Sakineh Mohammadi Ashtiani, the woman sentenced to stoning in Iran and her son, Sajjad Ghaderzadeh spoke to foreign reporters on Saturday in a press conference arranged by the judiciary.
International media report that Ashtiani denied being tortured in prison and maintained that all her interviews have been done voluntarily.
Ashtiani has appeared earlier in Iranian television making a number of confessions incriminating herself in the murder of her husband.
Sajjad Ghaderzadeh who was only released on December 12 on a $40,000 bail from Tabriz Prison called for clemency in the case of his mother. He claimed: “I thought if the case becomes controversial then my mother would be released but that didn’t happen.”
He stated that through the internet and Mina Ahadi, an Iranian resident of Germany who heads the Campaign Against Stoning, he had found the two German journalists that intended to interview him in Tabriz. He added that Ahadi also introduced him to Mohammad Mostafai, his mother’s lawyer.
Ghaderzadeh went on to blame Mohammad Mostafai and Javid Houtan Kian, lawyers of his mother’s case and the two German journalists for aggravating the case against her mother.

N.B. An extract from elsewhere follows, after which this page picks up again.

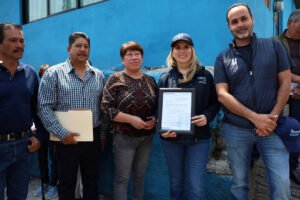 “Huixquilucan Contigo 24/7” distribuye despensas y kits médicos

He stated that Mohammad Mostafai had taken $2000 from them and left Iran without even seeing his mother. Gajderzadeh claimed that Mostafai had used her mother’s case to get asylum in a foreign country.
Mohammad Mostafai fled Iran last year after his wife and brother-in-law were summoned by the Iranian judiciary. He sought asylum in Norway where he currently lives.
Ghaderzadeh was arrested in September while being interviewed by the two German journalists in Tabriz. Iranian security forces arrested him along with the two German journalists and Javid Houtan Kian, the other lawyer of the case. Houtan Kian and two journalists still remain in custody.
Iranian judiciary sentenced Mohammadi Ashtiani to death by stoning in 2006 for adultery. An international campaign to stop her sentence has issued in the past months after which her sentence was suspended and came under review. She could still face death by hanging for complicity in the murder of her husband.